Procedural history. Purchaser filed a petition for tax deed, and Owner objected. After a hearing, the trial court denied the petition, and Purchaser appealed.

Key rules. The Indiana Court of Appeals summarized the tax sale process:

the sale proceeds first satisfy the property tax obligation for the property, then satisfy certain other qualifying tax obligations of the property owner, with any surplus going into the Surplus Fund. In other words, the Surplus Fund is comprised of the overbid. The Surplus Fund may also be used to satisfy taxes or assessments that become due during the redemption period. Finally, if the property is redeemed, the tax-sale purchaser has a claim on whatever is in the Surplus Fund, and, if a tax deed is issued, the original owner does.

A 4.5 Notice arises out of Indiana Code 6-1.1-25-4.5. The notice must include, among other things, “the components of the amount required to redeem” the property from the sale. Indiana Code 6-1.1-24-6.1(b) details those components. The overbid/surplus is not one of the components.

Holding. The Court affirmed the denial of the petition for tax deed but remanded the case with instructions for the trial court to order a new 120-day redemption period with a new 4.5 Notice.

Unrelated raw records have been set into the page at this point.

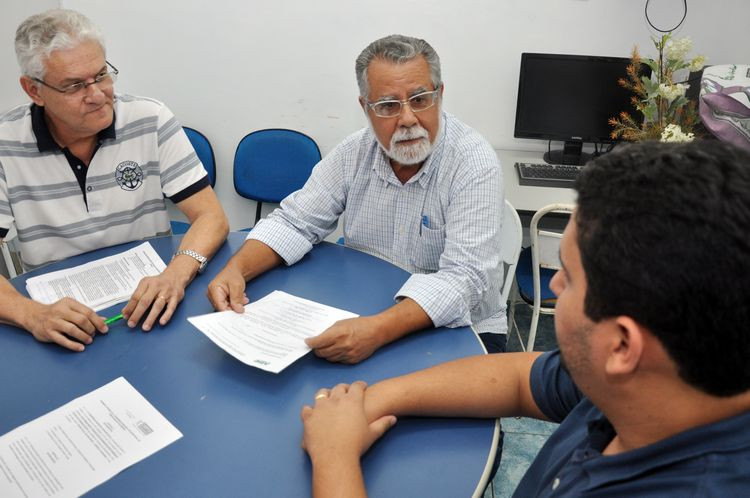 O objetivo é definir caminhos para facilitar o acesso à odontologia com melhores resultados (Foto: César Ferreira)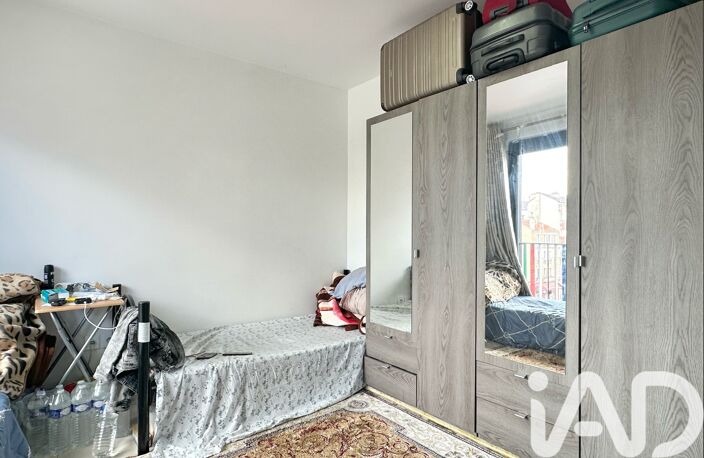 Vente Appartement 2 pièces — photo 2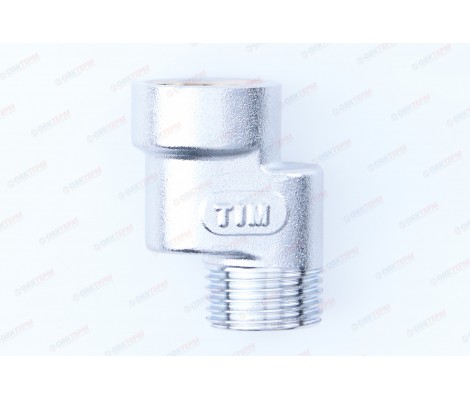 Эксцентрический переходник 1/2 Эксцентрический переходник 1/2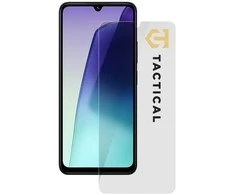 Tactical apsauginis stiklas Shield 2.5D skirtas Xiaomi Redmi 14C 4G/Poco C75 skaidrus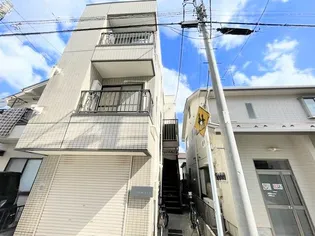 シャンテ川口の画像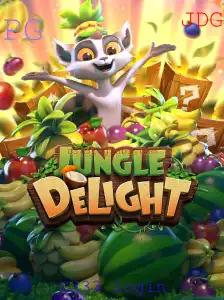 JungleDelight: Explorando Aventura e Estratégia no Novo Jogo de Ação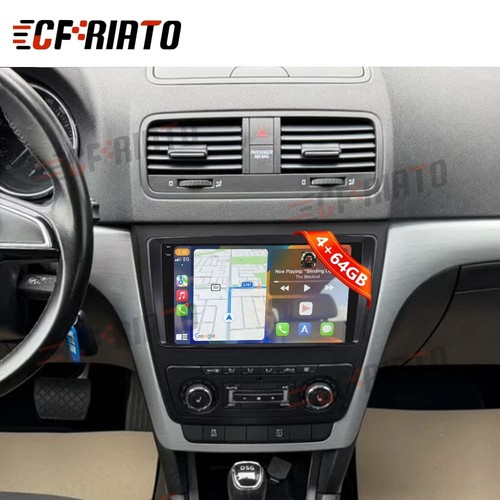 64g android autoradio - 4+64g,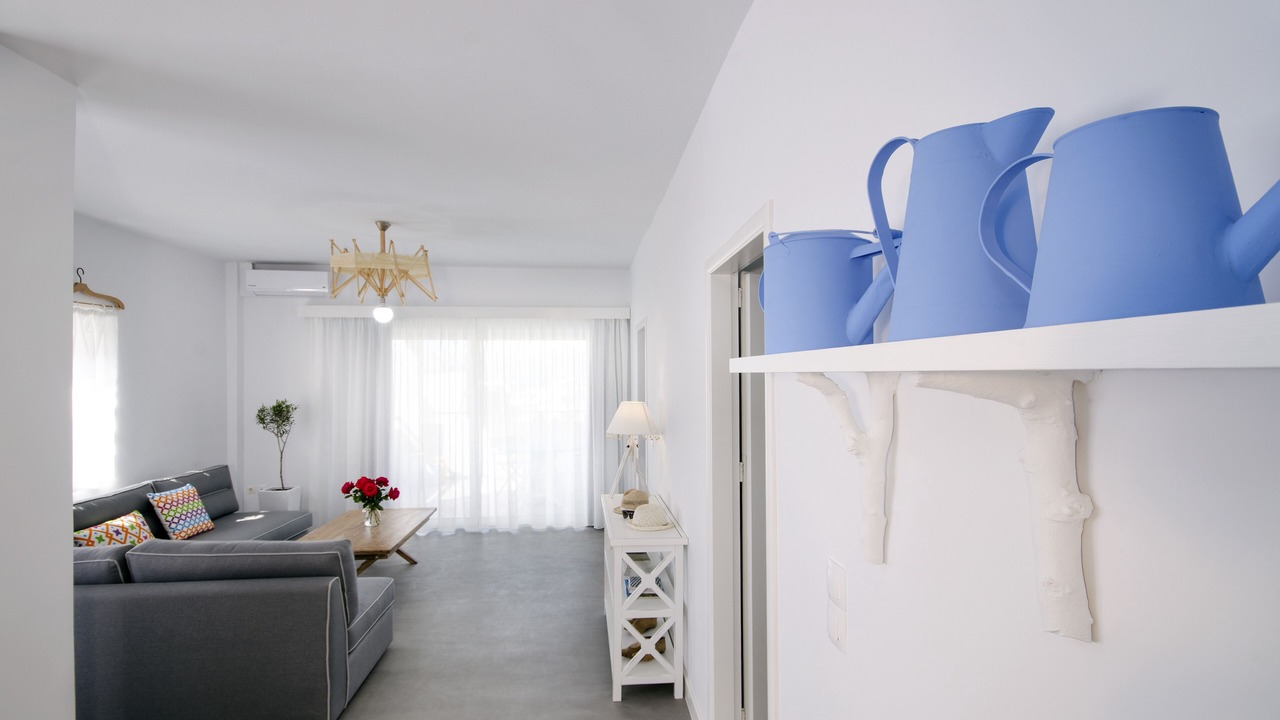 Photo of Bedroom in Kissamos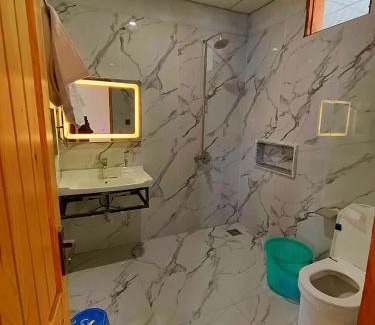 Shogran House | Oasis resort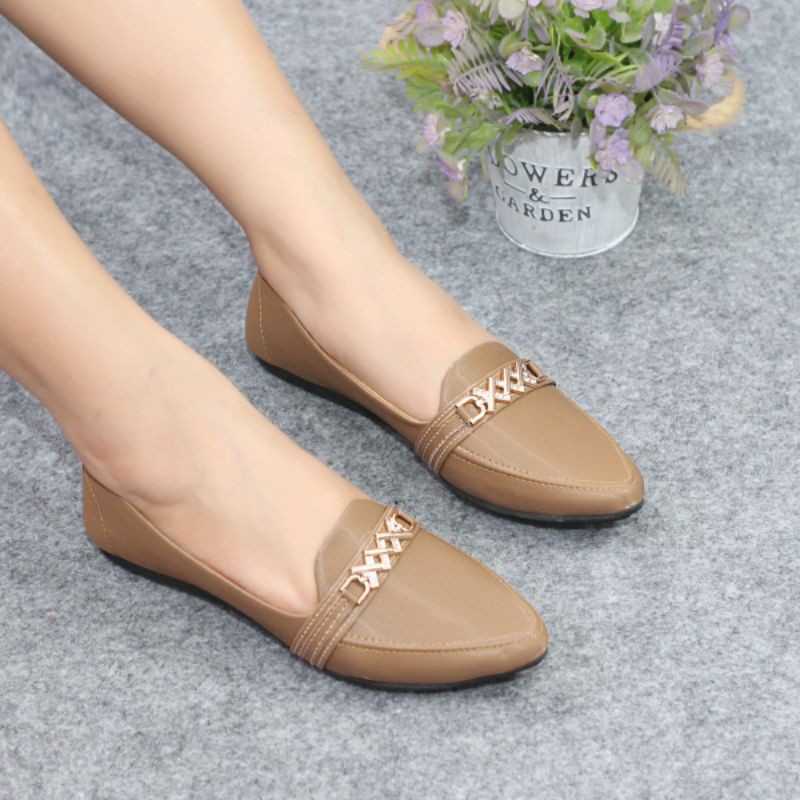 flatshoes wanita VS 03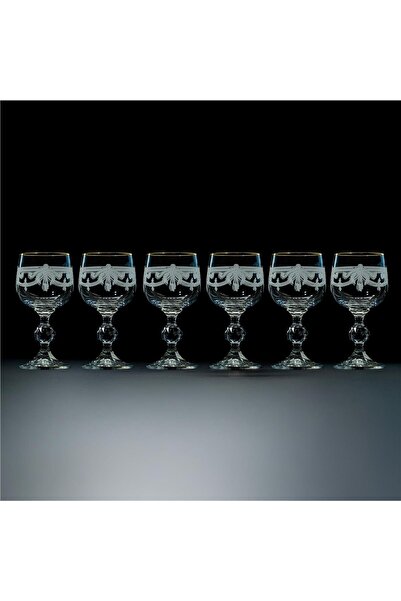 TOYGAR Torino Real Gold 150Cc 6-Legged Goblet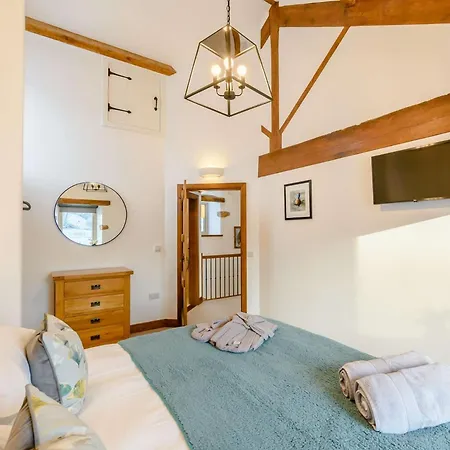 Feriehus 5 Bed In Ingleton 90546 Burton in Lonsdale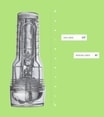 Masturbátor Fleshlight Ice Lady Crystal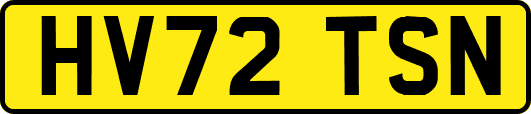 HV72TSN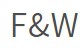 F&W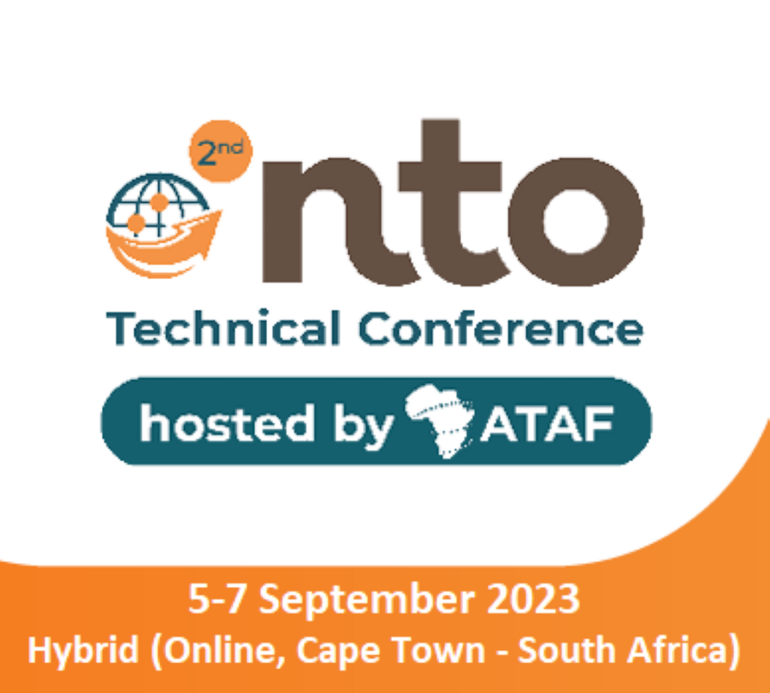 2nd NTO Technical Conference "DIGITALISATION OF TAX ADMINISTRATIONS AND CONTEMPORARY ISSUES" (Partnership Event)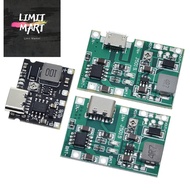 MSaccessories NEW  Lithium Li-ion 18650 3.7V 4.2V Battery Charger Board DC-DC Step Up Boost Module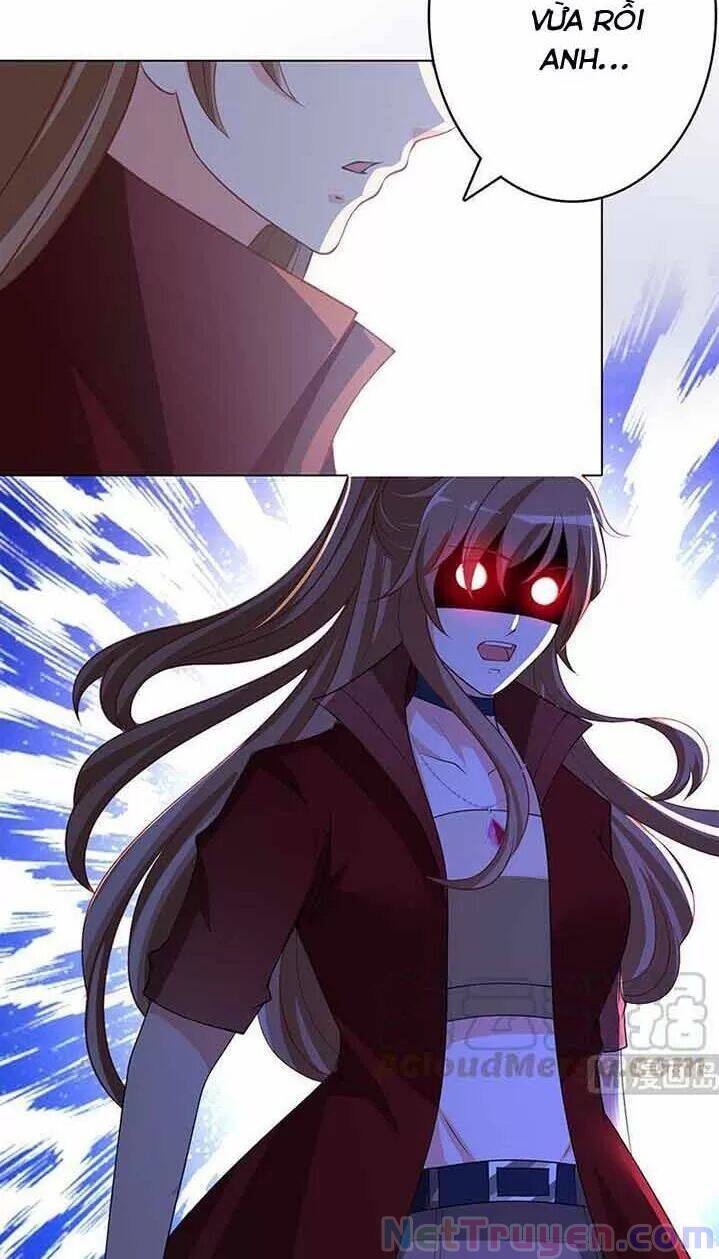 Quy Luật Tình Yêu Ở Mạt Thế Chapter 370 - 18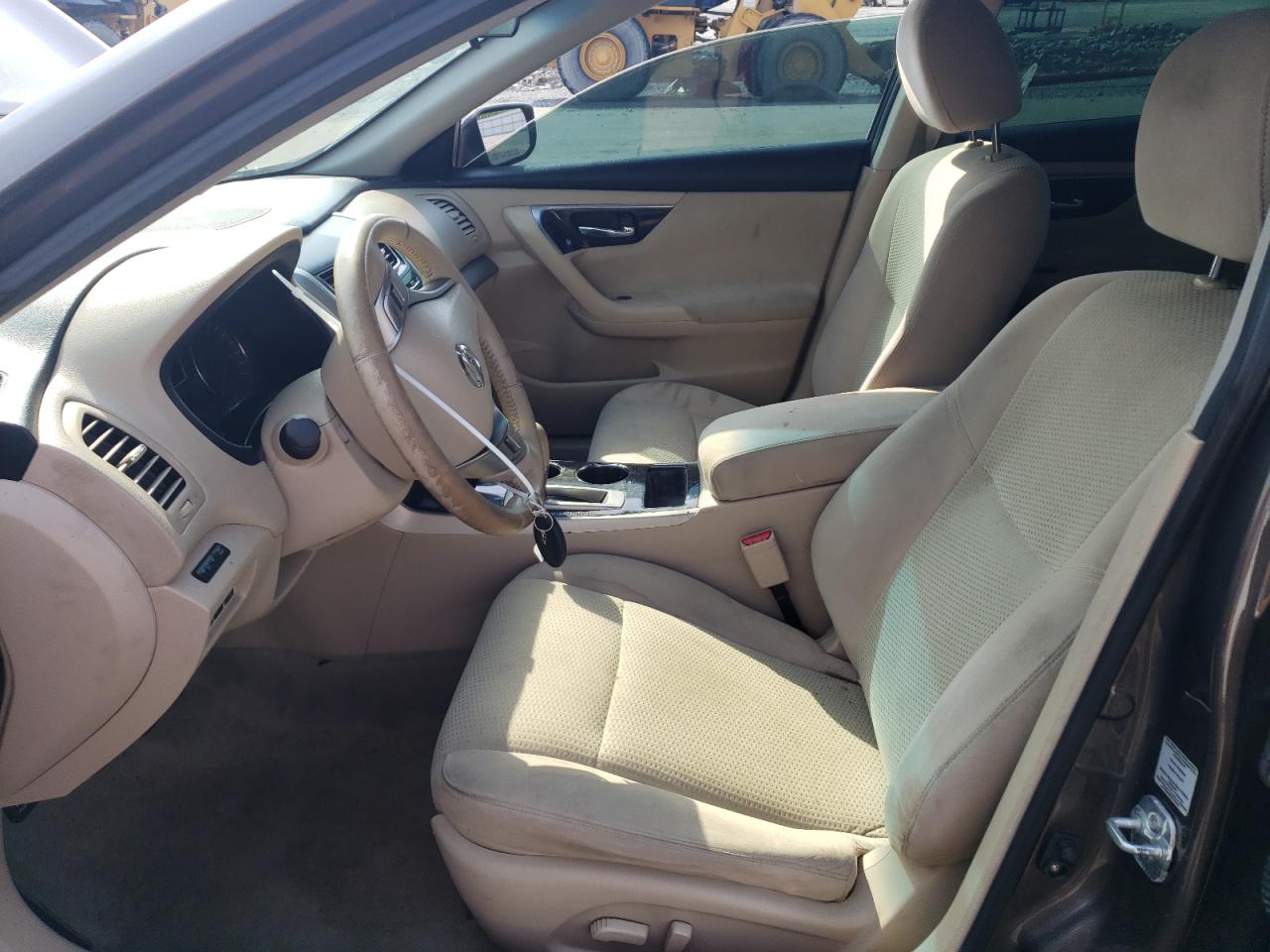 1N4AL3AP9EN213943 2014 Nissan Altima 2.5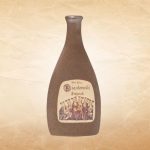 Piastowski - Mézbor gyógynövényekkel kerámia 0,5 L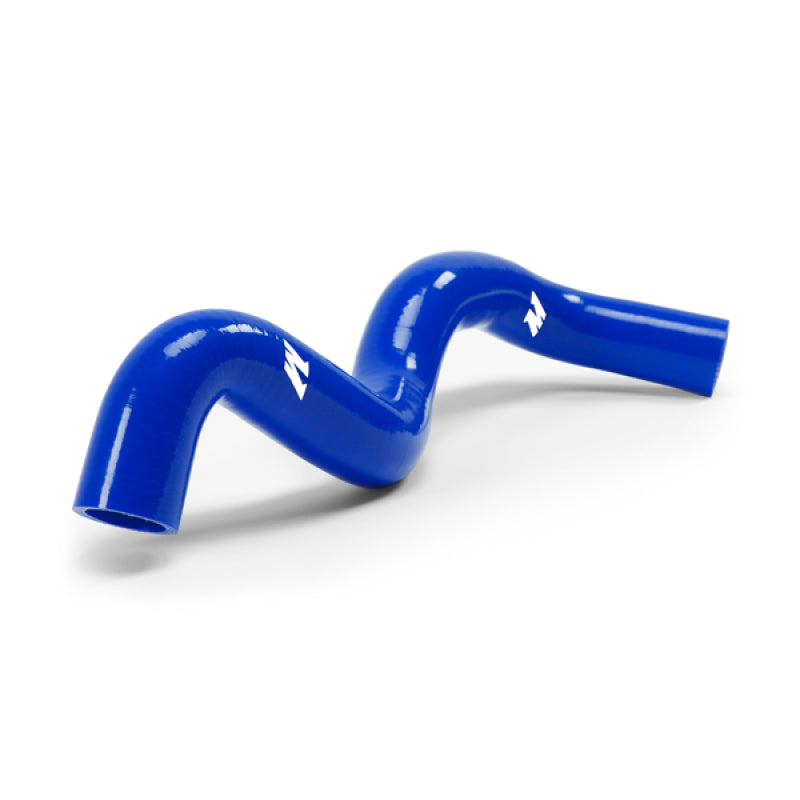 Mishimoto 06-14 Mini Cooper S (Turbo) Blue Silicone Hose Kit Hoses Mishimoto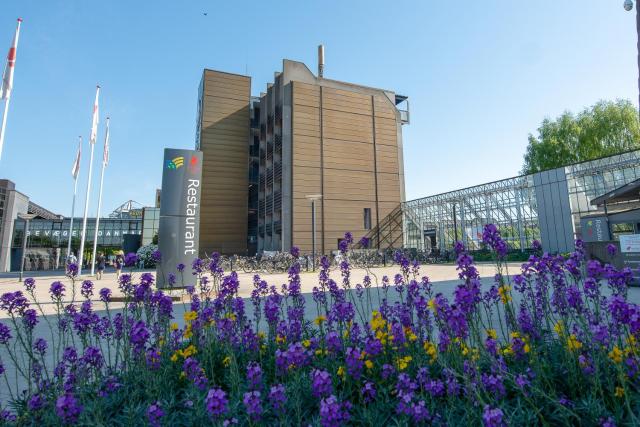 Idrættens Hus Hotel og Konference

Policy/rationale. The trial court found that the 4.5 Notice “greatly overstated” the redemption amount. The Court of Appeals agreed that the notice “would have led a reasonable person to conclude that the total redemption amount was far greater than it actually was….” The Purchaser made a number of arguments in support of its theory that the 4.5 Notice substantially complied with the applicable statutes and was not inaccurate. However, the Court rejected the Purchaser’s position and reasoned that the notice “asked [Owner] to jump through too many hoops to discover the true redemption amount, a situation that only existed because [Purchaser] - misleadingly and without justification – included the overbid in the first place.”